How much should BP pay for the carelessness that led to the disastrous Deepwater Horizon oil spill in 2010?
Last week the giant oil company, the federal government and some Gulf Coast states started wrangling over that question. The parties gathered in New Orleans to begin a federal civil trial, the first phase of a process that will determine the size of the Clean Water Act fines the company must pay.
If the court finds that BP was merely negligent, the company could pay as much as $3.5 billion in fines. If the judge finds that BP was grossly negligent, the company could have to pay as much as $17.6 billion.
Whatever the figure, it would be on top of the $20 billion to $30 billion that BP already has distributed or committed to pay.
BP is still liable to pay for the environmental injury it caused, according to the results of a process called the Natural Resources Damage Assessment.
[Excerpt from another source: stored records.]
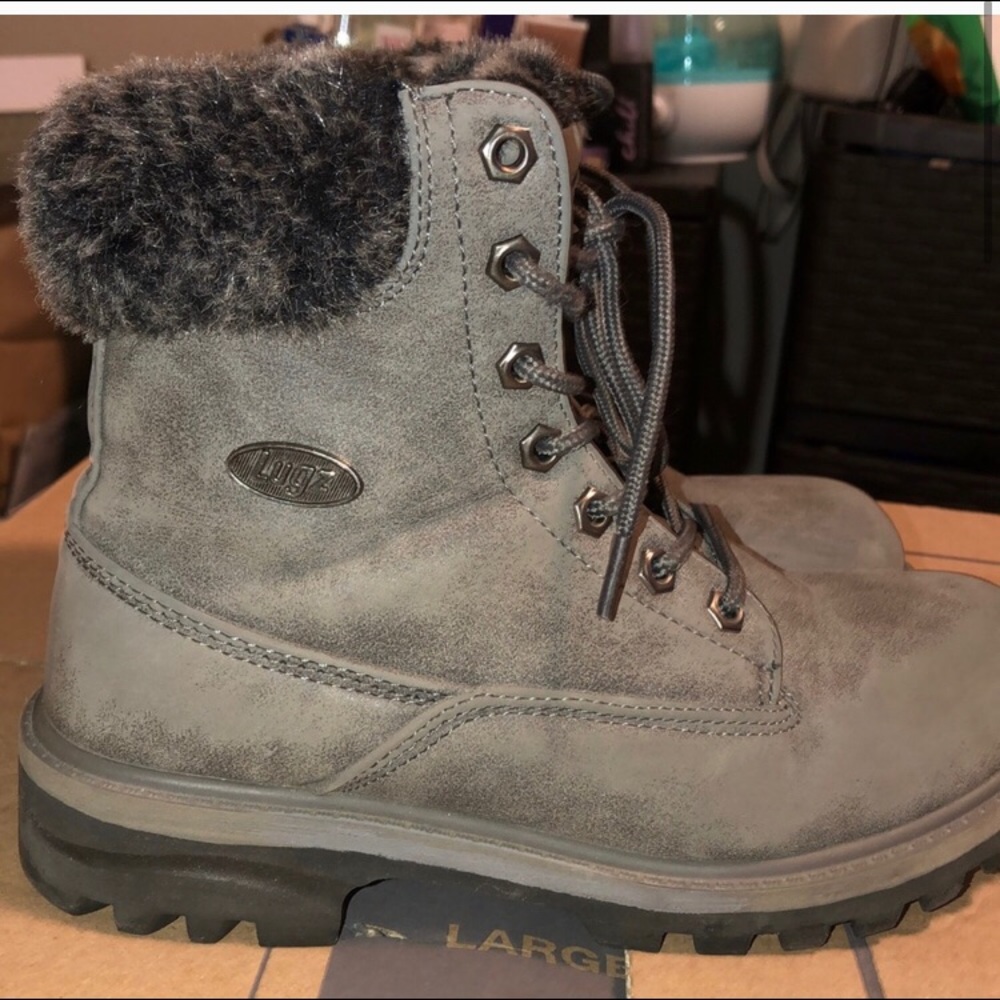 Lug boots
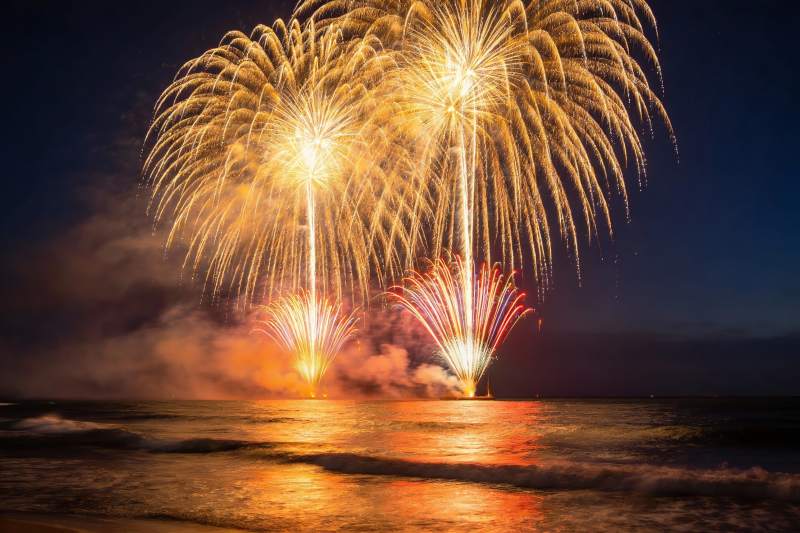夜空烟花映海面绚丽绽放图片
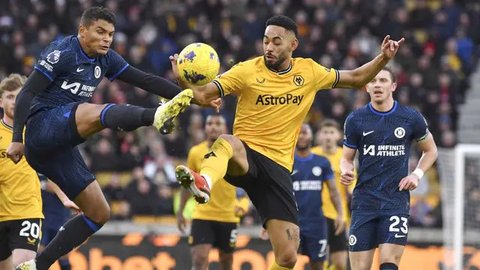 Bek Tottenham Hotspur asal Rumania #06 Radu Dragusin (C) berebut bola dengan penyerang Manchester United asal Denmark #09 Rasmus Hojlund selama pertandingan perempat final Piala Liga Inggr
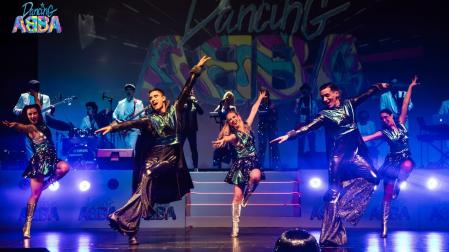 Este espectáculo reúne en el escenario a 10 músicos de pop-rock nacional y 16 bailarines y animadores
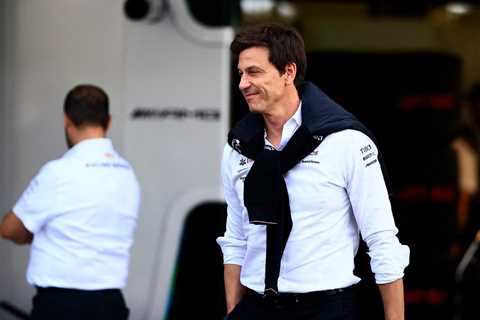 “How is Toto Allowed Anywhere Near Queen”: Fans React as Mercedes F1 Boss Wolff Defends His Stance..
Gulf states also recently demanded a whopping $34 billion in economic damages. Given all of these, the Economist calculates, BP’s total Deepwater Horizon payout could reach an incredible $90 billion.
A bill anywhere near that large is impossible to justify.
BP must pay to clean up the environmental damage it did. This is important both to ensure that restoration efforts have the funding they need and to avoid encouraging others to take unwarranted risks.
But, in establishing BP’s punishment, federal and state governments shouldn’t try to extract excessive punitive fines. The principle of fairness does not justify treating the company like a piggy bank for gulf-state budgets, discounting the mobilization of men and money the company directed following the spill.